Data stream management system
A Data stream management system (DSMS) is a computer program to manage continuous data streams. It is similar to a database management system (DBMS), which is, however, designed for static data in conventional databases. A DSMS also offers a flexible query processing so that the information need can be expressed using queries. However, in contrast to a DBMS, a DSMS executes a continuous query that is not only performed once, but is permanently installed. Therefore, the query is continuously executed until it is explicitly uninstalled. Since most DSMS are data-driven, a continuous query produces new results as long as new data arrive at the system. This basic concept is similar to Complex event processing so that both technologies are partially coalescing.
One of the most important features of a DSMS is the possibility to handle potentially infinite and rapidly changing data streams by offering a flexible processing at the same time, although there are only limited resources like a limited main memory.

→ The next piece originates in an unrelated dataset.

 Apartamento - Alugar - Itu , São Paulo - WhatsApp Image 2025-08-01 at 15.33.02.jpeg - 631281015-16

The following table provides various principles of DSMS and compares them to traditional DBMS.
|Database management system (DBMS)||Data stream management system (DSMS)|
|Persistent data (relations)||volatile data streams|
|Random access||Sequential access|
|One-time queries||Continuous queries|
|(theoretically) unlimited secondary storage||limited main memory|
|Only the current state is relevant||Consideration of the order of the input|
|relatively low update rate||potentially extremely high update rate|
|Little or no time requirements||Real-time requirements|
|Assumes exact data||Assumes outdated/inaccurate data|
|Plannable query processing||Variable data arrival and data characteristics|
Processing and streaming models
One of the biggest challenges for a DSMS is to handle potentially infinite data streams using a fixed amount of memory and no random access to the data. There are different approaches to limit the amount of data in one pass, which can be divided into two classes. For the one hand, there are compression techniques that try to summarize the data and for the other hand there are window techniques that try to portion the data into (finite) parts.

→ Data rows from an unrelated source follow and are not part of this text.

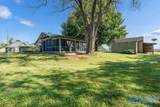 628 Walt Campbell Road - Photo 3
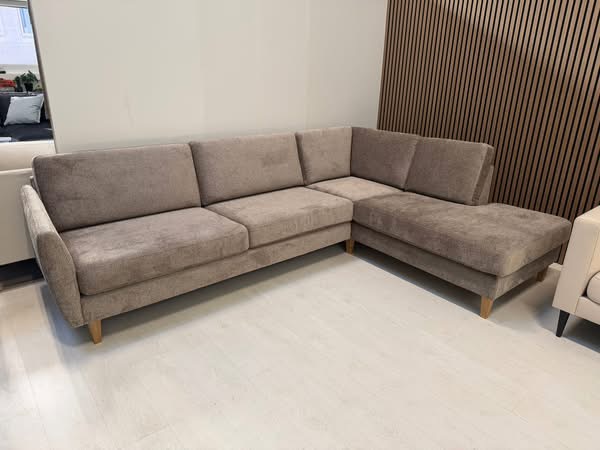 KIIRMÜÜGI HINNAGA VISION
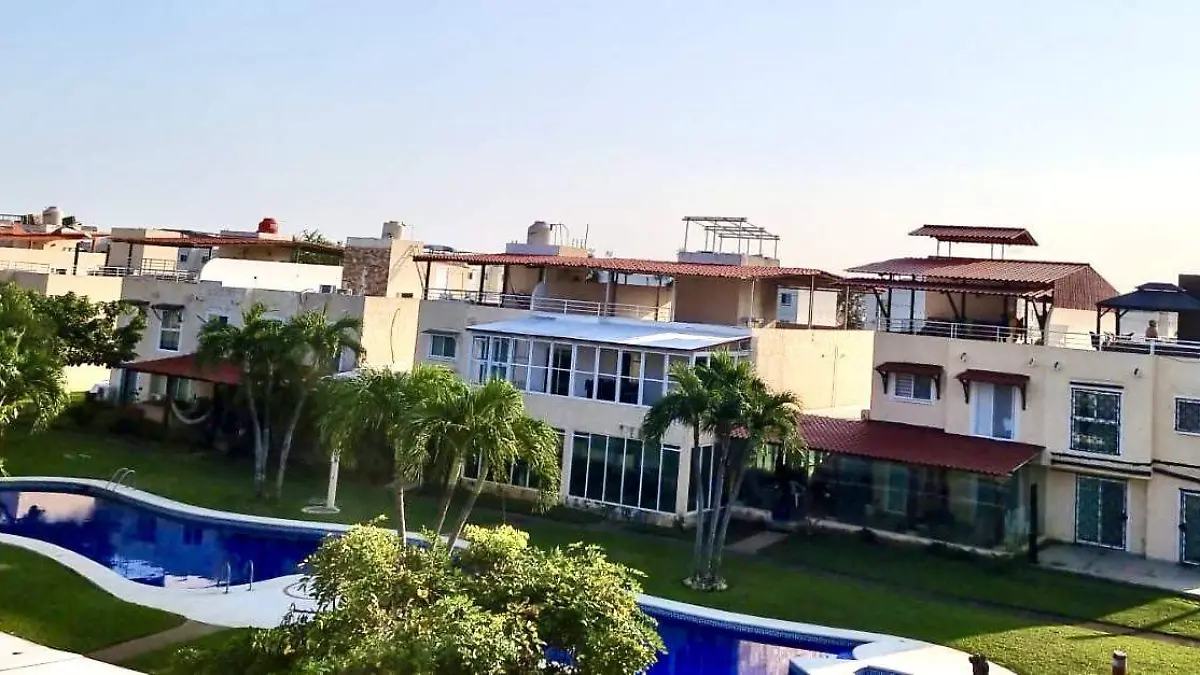 4289059f-a568-4069-9760-e8fcdacb3f92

The idea behind compression techniques is to maintain only a synopsis of the data, but not all (raw) data points of the data stream. The algorithms range from selecting random data points called sampling to summarization using histograms, wavelets or sketching. One simple example of a compression is the continuous calculation of an average. Instead of memorizing each data point, the synopsis only holds the sum and the number of items. The average can be calculated by dividing the sum by the number. However, it should be mentioned that synopses cannot reflect the data accurately. Thus, a processing that is based on synopses may produce inaccurate results.
Instead of using synopses to compress the characteristics of the whole data streams, window techniques only look on a portion of the data. This approach is motivated by the idea that only the most recent data are relevant. Therefore, a window continuously cuts out a part of the data stream, e.g. the last ten data stream elements, and only considers these elements during the processing. There are different kinds of such windows like sliding windows that are similar to FIFO lists or tumbling windows that cuts out disjoints parts. Furthermore, the windows can also be differentiated into element based to consider, e.g. the last ten elements, or time based windows, e.g. to consider the last ten seconds of data. Additionally, there are also different approaches to implement windows. There are, for example, approaches that use timestamps or time intervals for system-wide windows or buffer-based windows for each single processing-step.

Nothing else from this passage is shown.